The arrangements are in Alan’s sophisticated arranging style of the late 1950s – his extraordinary harmonic and orchestration sense, and his use of counterpoint, key choice and modulations, plus clever nods to Brahms, Thomas, Handel, ‘Jingle Bells’ in ‘White Christmas’ etc. – and are techniques he used in charts he wrote for, and were recorded by, Skitch Henderson and Raoul Poliakin. Alan’s arranging skills (he had taught orchestration to Nelson Riddle) were why Felix asked Alan to arrange the project in the first place. Felix died at 47 in 1963. Lawsuit notwithstanding, the estrangement didn’t last long. In June, 1964, Eleanor brought her son Fred east and Alan wrote a cello quartet ”Two Pair” which the four of us played when they visited Scarsdale. That October, Leonard, who was studying at Julliard, was also guest in our home.
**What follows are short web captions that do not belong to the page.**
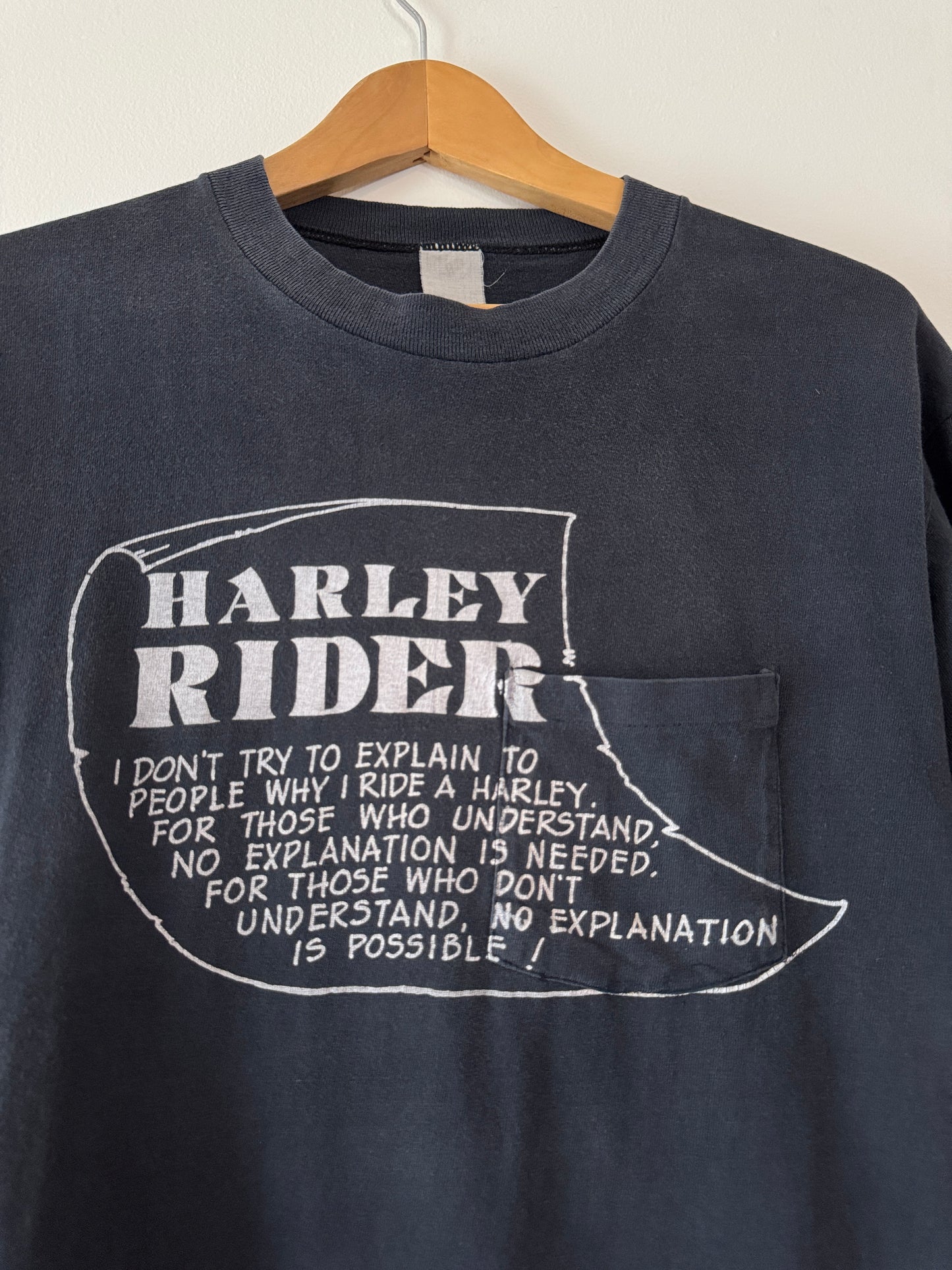 1982 Harley Rider Faded Black Pocket Tee (L/XL)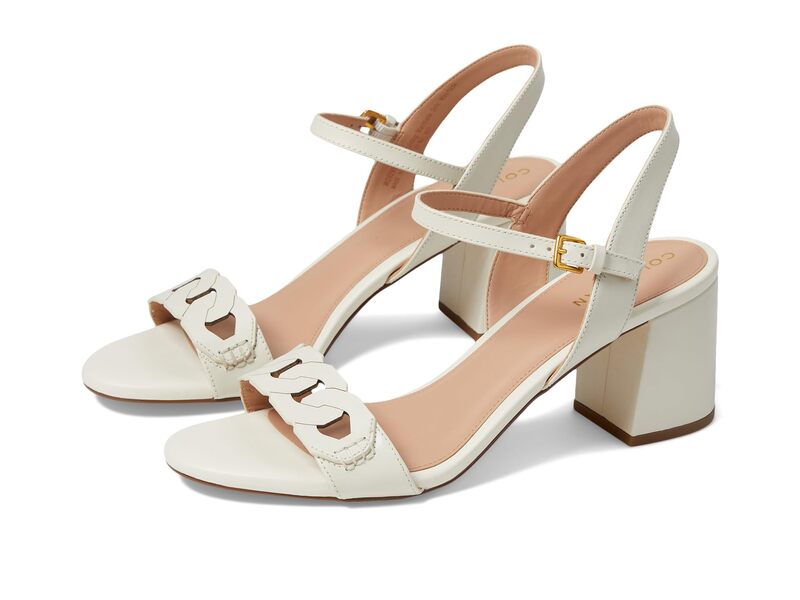 電話を掛けるハーン レディース シューズ 踵 サンダル Cole Haan Josie Chain Sandals Ivory Leather 象牙色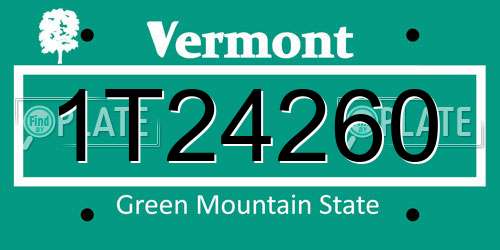 1T24260 Vermont License Plate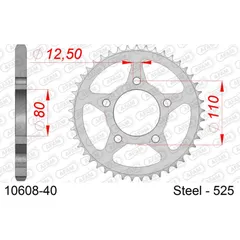 Steel Chain Wheel - Rear Sprocket AFAM 530 - 41t SILVER 1060541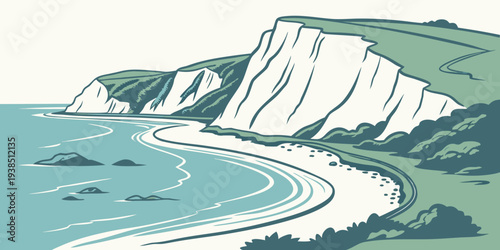 A serene coastal landscape with a winding path along the cliffside Vector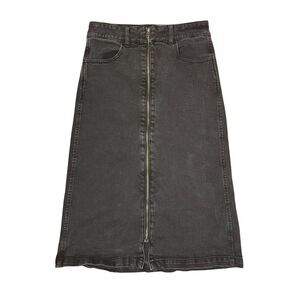 Madewell Lunar Wash Denim Midi Skirt Black High-Rise Zipper 70s Vibe Size 26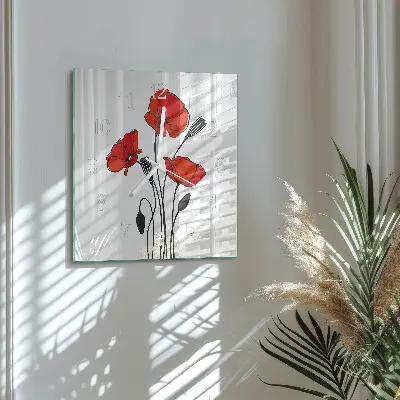 Vierkante glazen wandklok Papaver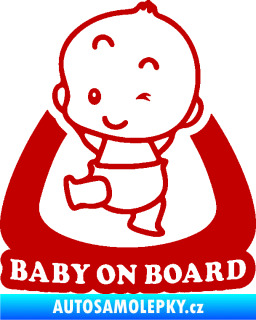Samolepka Baby on board 011 levá s nápisem tmavě červená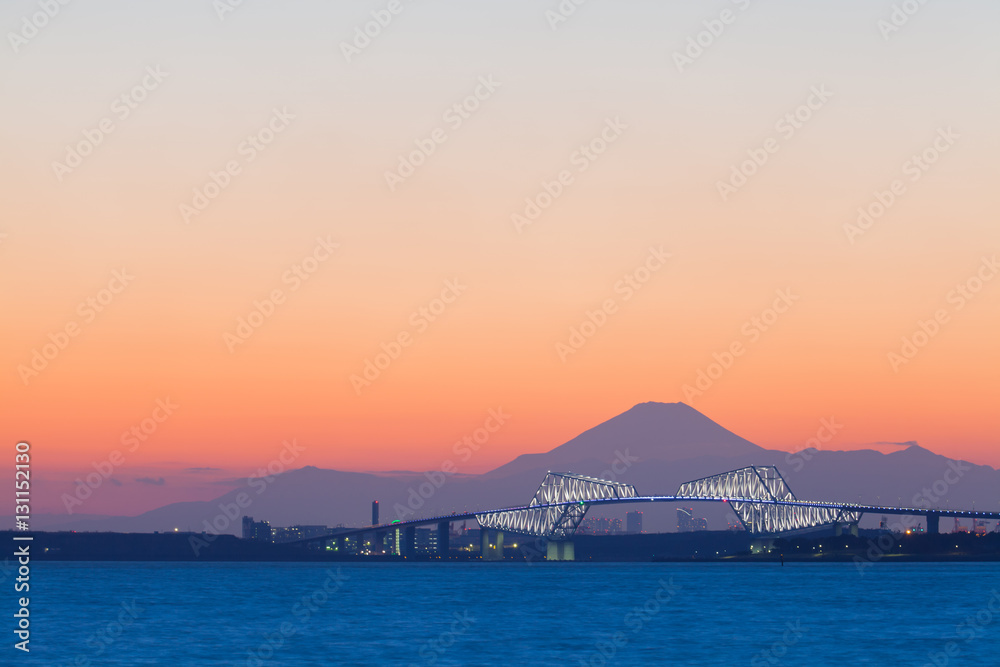 Tokyo gate bridge and Mt.Fuji at beautiful sunset in winter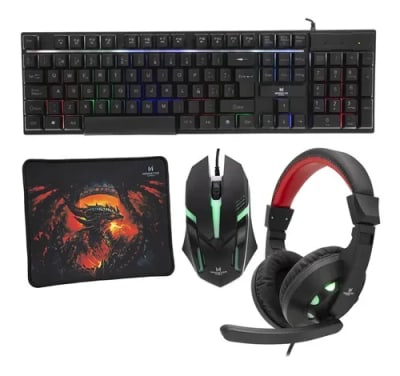 KIT MONSTER CREW INSERTION TECLADO + MOUSE + AUDIFONOS + MOUSEPAD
When Alan died in 2002, the New York Public Library requested Alan’s archives. I subsequently donated to the Lincoln Center Library Alan’s original sketches and scores for Seasons Greetings. Both are in Alan’s hand. I went to the Library of Congress and called for the copyright copy of the scores. At the top of each score, pasted over ”Alan Shulman” was ”Felix Slatkin” and on the bottom © 1961 Metric Music. Alan had neglected to copyright the scores in his own name and Felix treated them as a work for hire.
‘Seasons Greetings’ is Alan Shulman’s arranging masterpiece – no matter whose name appears on the album or the scores in the Library of Congress. The recording has been a favorite in our house for more than 60 years, and now that the CD reissue has made it available again, we hope it will be in yours as well.